##### DATA UNDER STUDY #####
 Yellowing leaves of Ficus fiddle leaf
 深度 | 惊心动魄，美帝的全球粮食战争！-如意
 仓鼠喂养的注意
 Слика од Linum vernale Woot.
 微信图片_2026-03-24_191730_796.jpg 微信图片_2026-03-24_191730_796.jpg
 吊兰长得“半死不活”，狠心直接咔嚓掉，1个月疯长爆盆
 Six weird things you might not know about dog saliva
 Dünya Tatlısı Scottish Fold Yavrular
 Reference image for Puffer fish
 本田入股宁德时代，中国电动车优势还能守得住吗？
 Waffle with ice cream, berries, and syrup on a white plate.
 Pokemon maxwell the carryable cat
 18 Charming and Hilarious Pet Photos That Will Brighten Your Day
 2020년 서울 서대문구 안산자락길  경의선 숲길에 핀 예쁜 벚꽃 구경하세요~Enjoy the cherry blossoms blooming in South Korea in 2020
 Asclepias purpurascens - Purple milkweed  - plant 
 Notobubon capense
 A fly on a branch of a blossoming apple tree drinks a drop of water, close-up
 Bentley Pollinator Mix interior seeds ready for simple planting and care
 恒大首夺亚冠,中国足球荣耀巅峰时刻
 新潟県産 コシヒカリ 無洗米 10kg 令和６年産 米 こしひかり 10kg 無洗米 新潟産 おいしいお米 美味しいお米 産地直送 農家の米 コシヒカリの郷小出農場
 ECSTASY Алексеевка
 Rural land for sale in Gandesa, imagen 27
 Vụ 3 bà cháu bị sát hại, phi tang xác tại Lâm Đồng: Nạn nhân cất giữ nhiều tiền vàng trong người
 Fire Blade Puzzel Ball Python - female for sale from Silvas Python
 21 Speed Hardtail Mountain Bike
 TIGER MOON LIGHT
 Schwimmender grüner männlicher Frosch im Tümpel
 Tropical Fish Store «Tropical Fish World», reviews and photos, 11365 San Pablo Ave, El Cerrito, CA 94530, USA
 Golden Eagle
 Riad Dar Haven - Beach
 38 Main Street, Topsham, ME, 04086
#####
### PROBLEM REQUIREMENTS:
Copy exactly. The range runs from the line containing "Tropical Fish Store" through the last line of the data.

### ANSWER FOR THE TASK:
 Tropical Fish Store «Tropical Fish World», reviews and photos, 11365 San Pablo Ave, El Cerrito, CA 94530, USA
 Golden Eagle
 Riad Dar Haven - Beach
 38 Main Street, Topsham, ME, 04086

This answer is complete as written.